ABSTRACT

This is possible due to the central nervous system (CNS), which is equipped with a set of adaptive control mechanisms that keeps learning. One of the influential paradigms in understanding human motor control and its adaptation is the so-called force field paradigm [50]. In this paradigm, the human is asked to perform reaching movements while holding on to a handle. The handle is in fact a robot that can induce desired forces depending on the state of the subject’s hand. With this setup it has been shown that humans learn to adapt their movements apparently to counteract perturbations in a state-dependent way. Furthermore, it is shown that this is not achieved by stiffening of the muscles, but rather by active force generation to react to the learned force field. This indicates that the CNS optimizes energy by building internal predictive models to generate forces in an anticipation of the perturbation.
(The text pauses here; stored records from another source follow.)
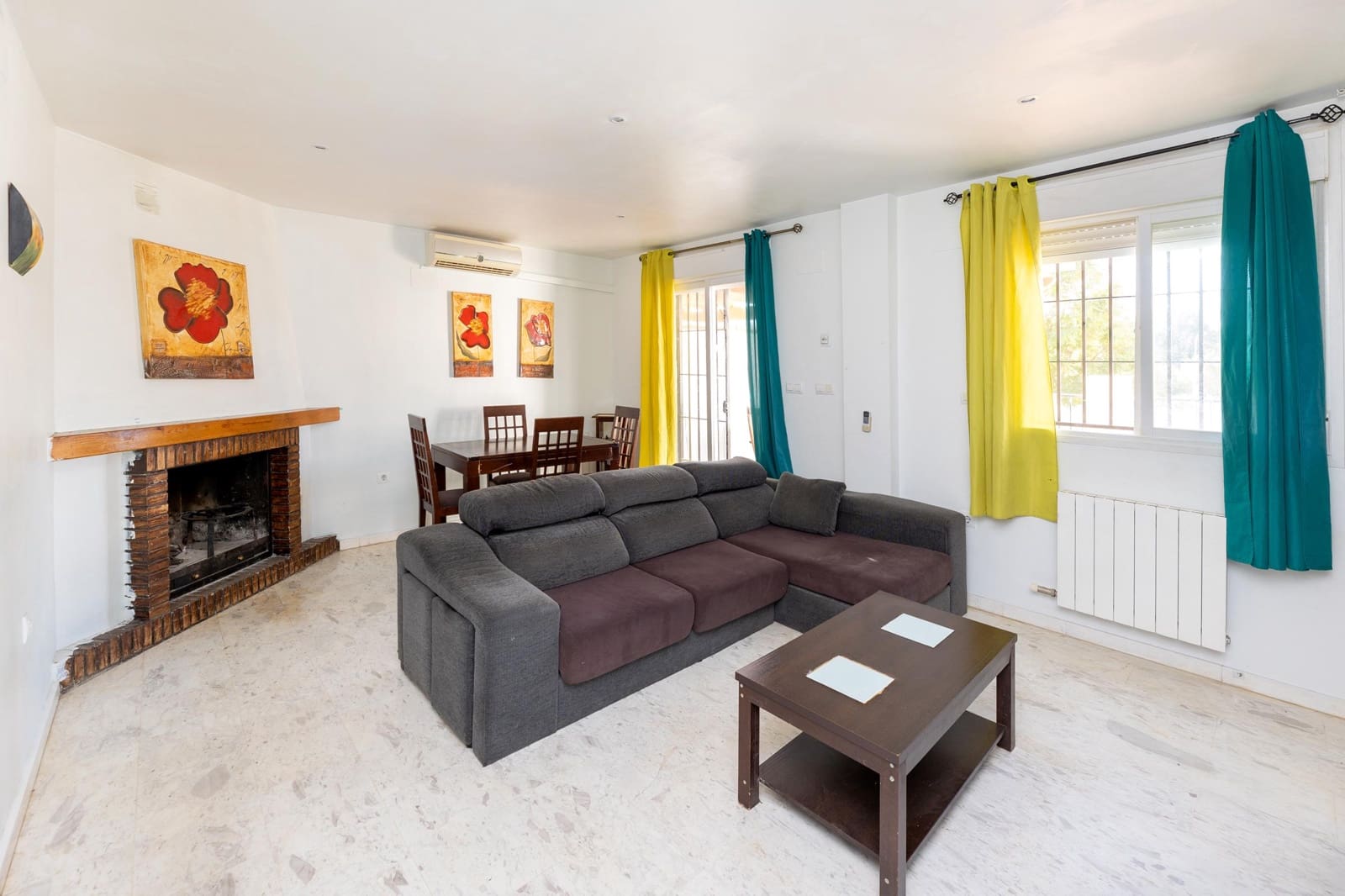 4 chambre Villa/Maison Mitoyenne à vendre à Atarfe avec piscine garage - 255 000 € (Ref: 9272550)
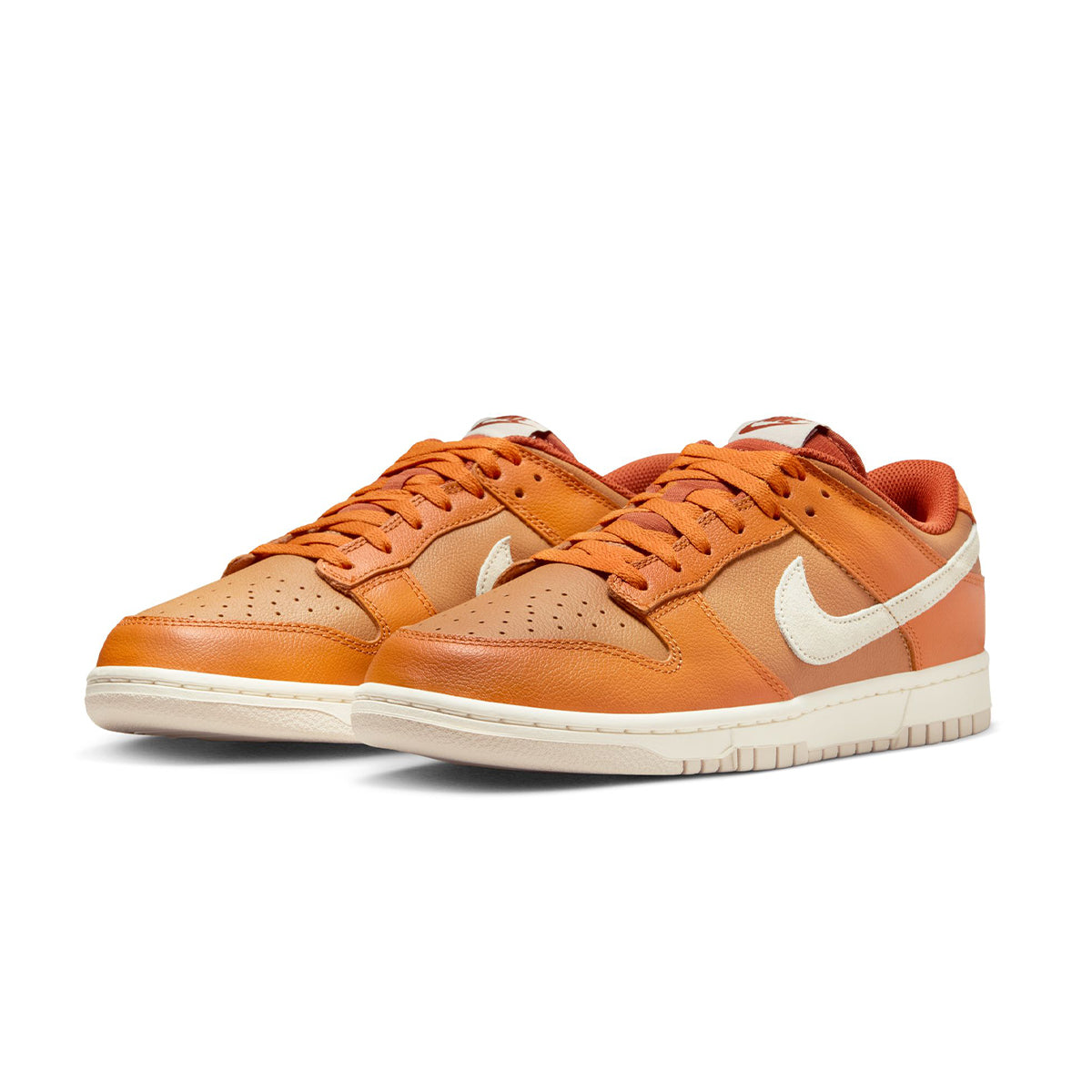 Dunk Low Retro SE 'Monarch'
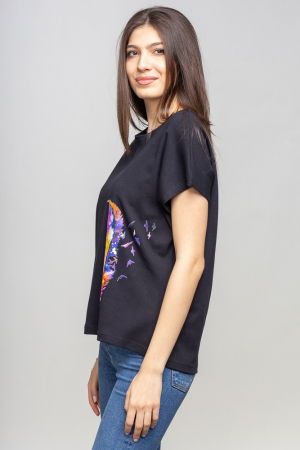 Tricou negru cu panou lateral pana stilizata [1]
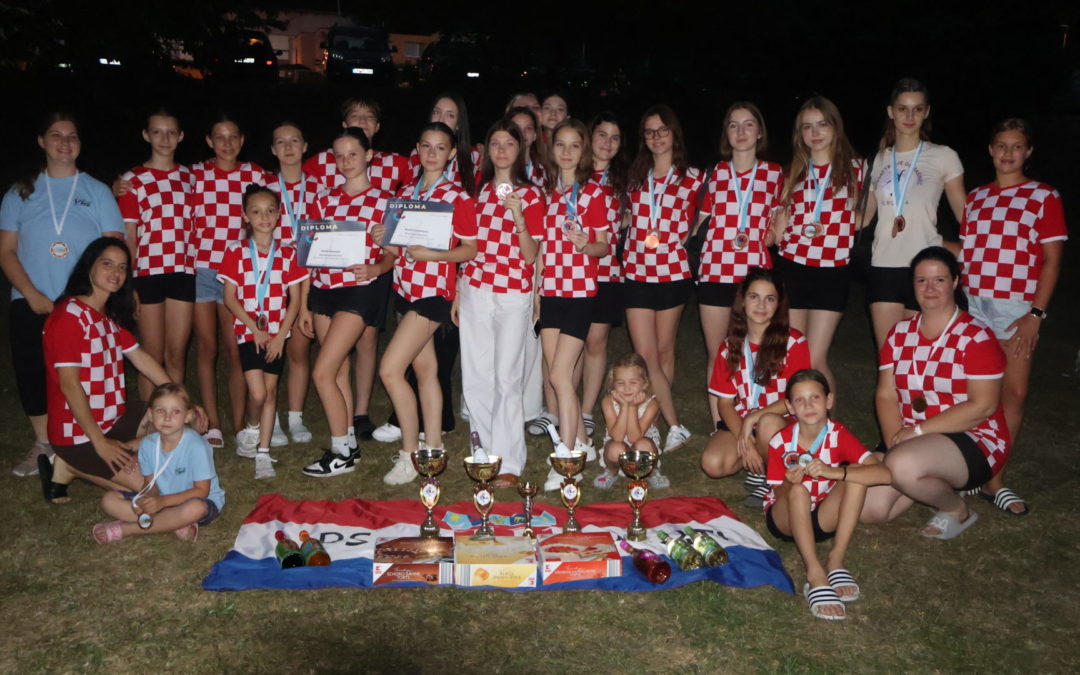 Svjetski prvaci iz Međimurja: Mažoretkinje iz Svetog Martina na Muri donose pregršt medalja iz Teplica!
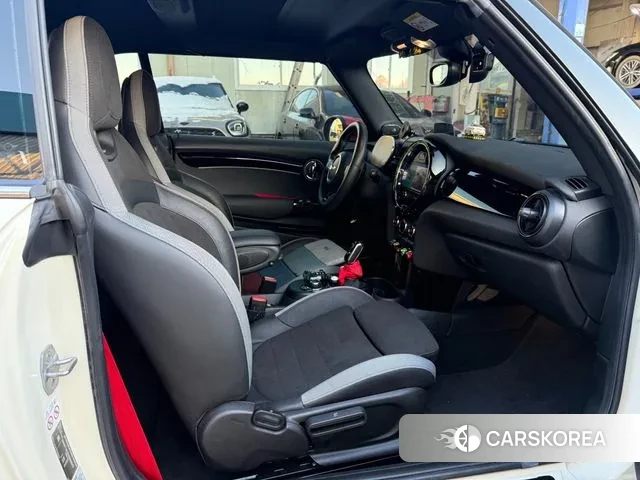 Mini Cooper S Convertible 2021 Белый из Кореи, фото 6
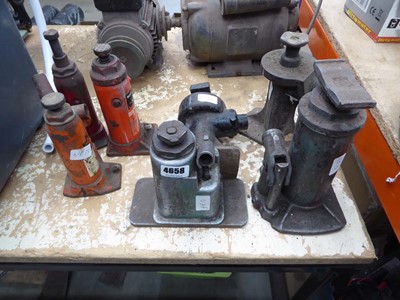 Lot 4658 - 7 assorted bottle jacks
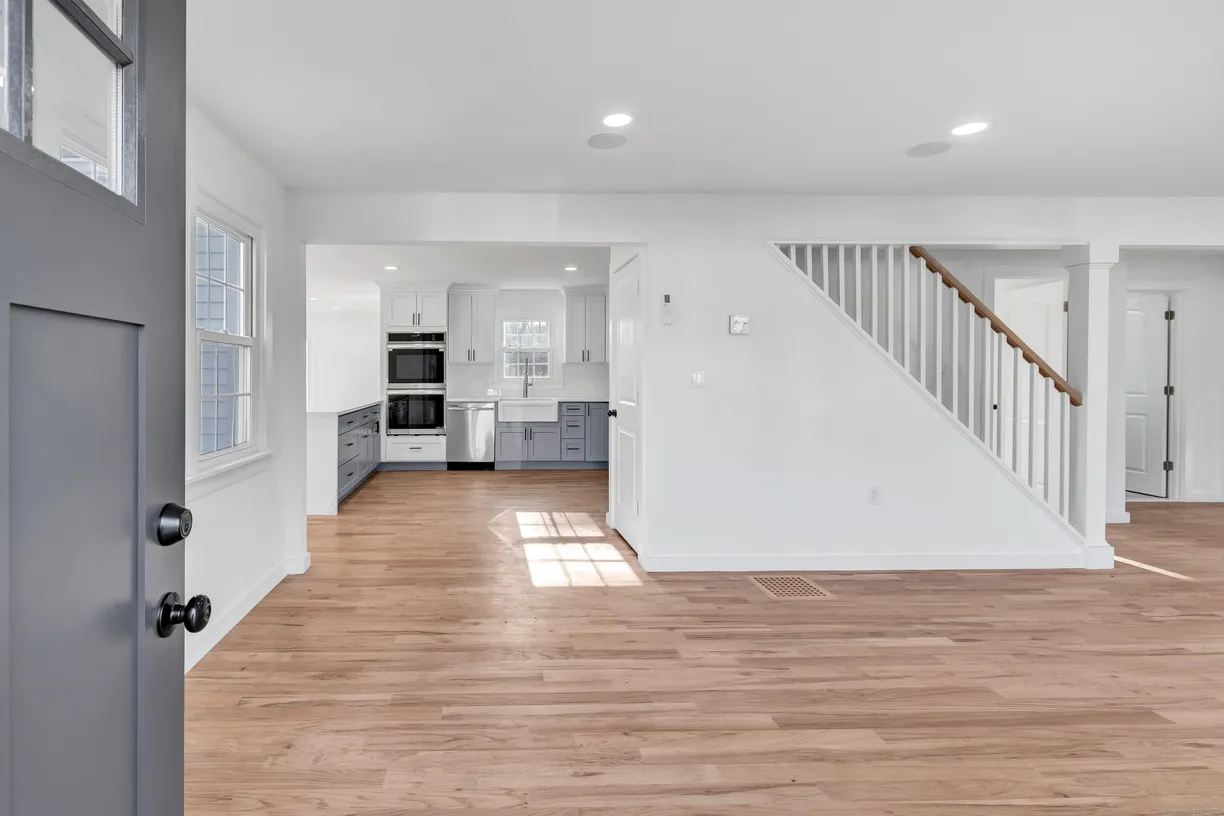 Greenwich Real Estate | View 17 Pequot Avenue | Listing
The debate as to what is the exact mechanism of movement generation employed by the CNS is not settled. On one side, researchers propose that the observed effects can be explained by the optimal feedback control employed by the CNS. The other, more classical, view is that the desired trajectory governing reaching movements is tracked by learning internal models (see the next subsection) to cancel out the perturbations. Yet, another, rather reconciliatory view is, that which the CNS actually does, to reoptimize the desired trajectory in the face of large perturbations [26]. From a computational view, adoption of pure optimal force control (OFC) seems computationally infeasible for robotic systems, leaving the reoptimization view the most reasonable candidate for robotic implementations.